PetroEnergy Resources Corp. (PERC) said on Thursday its consolidated first semester net income surged 180 percent to $6.55 million this year from $2.34 million last year.
PERC said in a statement this translated to a five-fold increase in net income attributable to the equity holders of the parent company, thanks to higher contributions from subsidiaries operating renewable energy projects
“Our renewable energy facilities are showing good results in terms of energy yield and operational efficiencies,” said PERC president Milagros V. Reyes.
The group’s projects include the 20-megawatt Maibarara Geothermal Power Project in Batangas, 36-MW Nabas Wind Power Project in Aklan, and the 50-MW Tarlac Solar Power Project.
Together, these three projects accounted for electricity sales of 174.81 gigawatt-hours, jumping 14 percent from 152.9 gwh in the first half of 2016.
“We are optimistic that if we are able to sustain this performance, we will be on track in achieving our full year targets,” Reyes said.
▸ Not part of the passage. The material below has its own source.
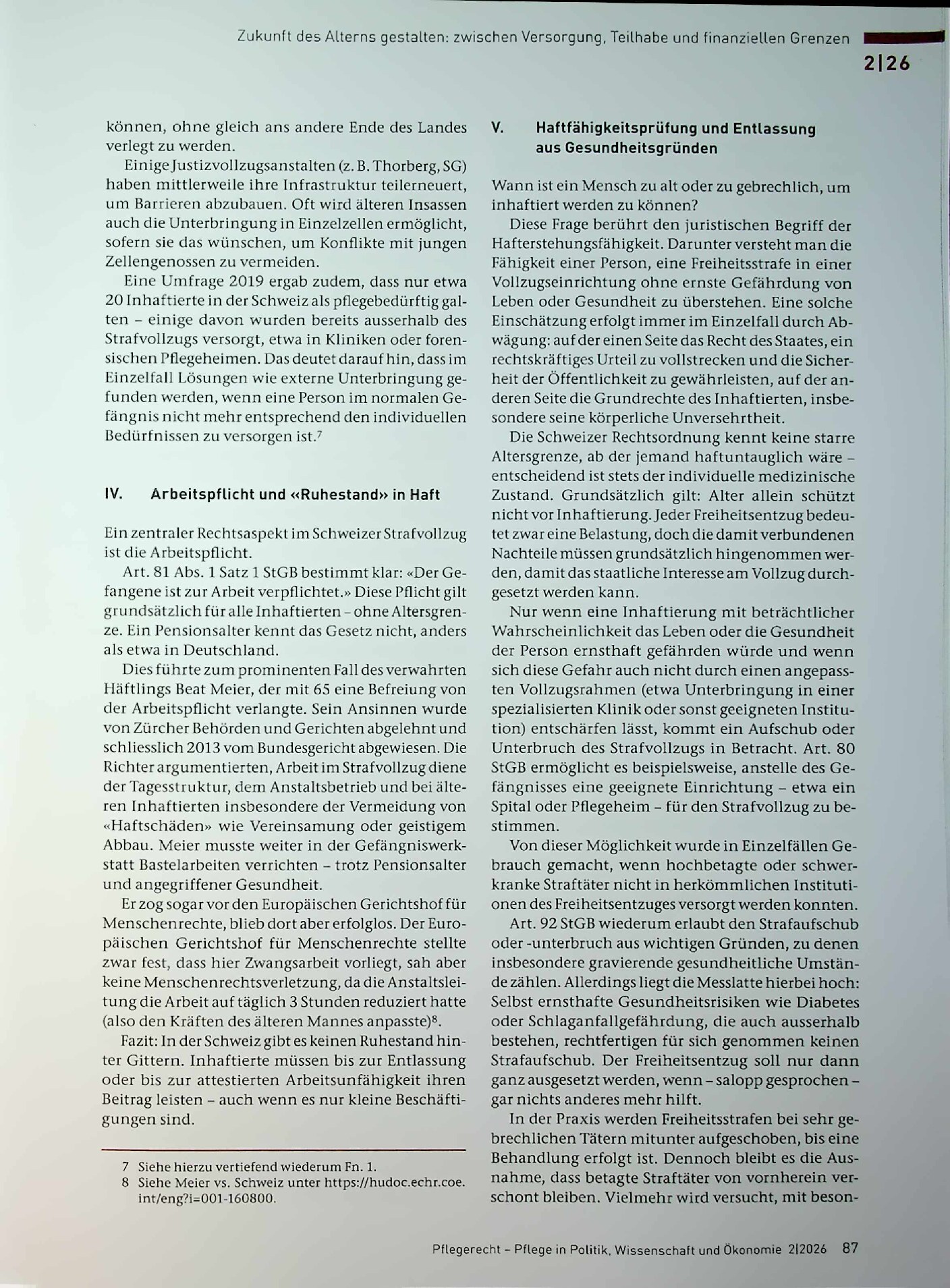 Vorschauseite 3: Alternde Gefängnispopulation: Herausforderungen für Strafvollzug und Gesundheit sowie Pflegeappell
“We continue to develop, under our PetroGreen Energy Corp. holding unit, a pipeline of modest-sized renewable energy projects in high-demand or poorly served areas,” PERC vice president Francisco G. Delfin Jr. added.
PERC also attributed the profit surge to slightly higher average crude oil prices, which was pegged at $50.38 per barrel for the first half this year, 42 percent higher than $35.59 previously. This benefited PERC’s petroleum asset in Gabon West Africa, which produces about 16,000 barrels of oil per day from four active fields.